Club Nintendo, aka one of the sneakiest vehicles for market research on the planet, is a free membership program offered by Nintendo to its consumers. By registering the PIN codes included with specific game titles, gamers can earn coins that can then be used to for reward items in exchange for answering a short survey. If a user manages to accumulate 300 coins within one calendar year, that user achieves Gold status; those that earn twice that amount achieve Platinum. For whatever reason, Club Nintendo’s calendar begins its year on the first of July. This is significant because it also resets the counter tracking new coins. The previously earned coins are still there, and can still be spent on rewards, but each member’s progress toward achieving Gold or Platinum status is returned to zero after June 30th.
Well, last night was Club Nintendo’s new year’s eve, and I realized that I was still 70 coins shy of achieving Gold for the year. If it was purely a pat-on-the-back sort of ranking, I wouldn’t care if I reached it or not, but Club Nintendo offers a special free gift for its Gold and Platinum members each year. So far I’d managed to reach at least Gold for the last six years, and I wasn’t about to let 230 coins go to waste. Looking over my game shelf, I noticed that I still hadn’t opened New Super Mario Bros. U, which came bundled with my WiiU. I figured that it’d at least get me a big chunk of the way toward my goal (especially since it also contained the Luigi expansion), so I shredded the plastic wrap and cracked open the case — only to find it absent of a PIN code.
Figuring the PIN was simply missing, I decided to call up Club Nintendo to have it manually added to my account. I scoured the website and tracked down the toll free number, and after wading through the menu system, I found myself on hold to speak with a representative.
And that’s when I discovered that Nintendo is brilliant.
Many of you will recognize this as the daytime theme to Hyrule Field in The Legend of Zelda: Ocarina of Time. As it turns out, it’s also the hold music on Nintendo’s hotline.
This is nothing short of genius on their part. Ocarina of Time is not only one of Nintendo’s most wildly successful titles, but it’s considered by many to be one of the greatest games of all time. There’s a very good chance that the people calling them up will be at least mildly familiar with the song, and upon realizing that it’s a tune from such a beloved title, they’ll probably be in a better mood. This is exactly what happened to me when I was on the phone last night; I can’t even tell you how long I was on hold, because I was so giddy over the fact that a Zelda song was being used as the hold music that I spent my time jamming along in my seat instead of getting impatient or annoyed.
Furthermore, my attitude once I got to talk to a representative was significantly better than it probably would’ve been otherwise. I ultimately received bad news from the gent helping me; apparently bundled games aren’t eligible for Club Nintendo points, but I was in such high spirits, the news really didn’t bother me that much. Instead I thanked the guy for his help and told him that the hold music was a very pleasant surprise. He chuckled and said that they get that a lot.

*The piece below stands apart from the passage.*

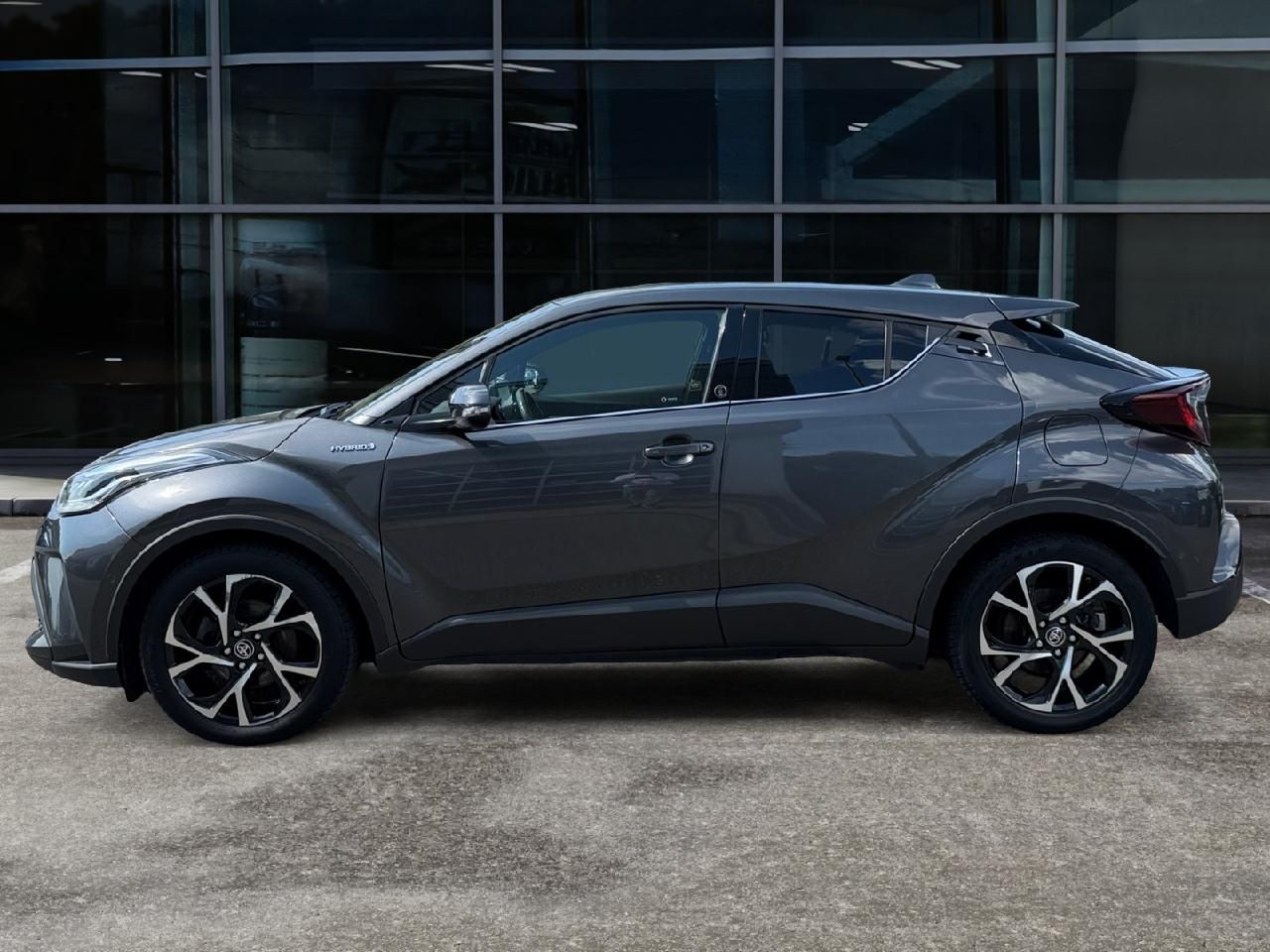 Fahrzeugabbildung Toyota C-HR Hybrid Team D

In light of what I learned last night, I’m kinda tempted to start calling up other game developers just to see if they too have done anything fun with their hold music. It really is something that more companies need to adopt; if someone’s calling customer service, they obviously have a problem, and given that some waits can be upwards of an hour or more, having good music can probably go a VERY long way toward making customers feel better about their outcomes, even if they didn’t get what they wanted.
Obligatory Legal Crap
I am in no way affiliated with Nintendo, Club Nintendo, or Legend of Zelda. I’m just a geek that found myself wanting to hook up my N64 after I got off the phone with customer service.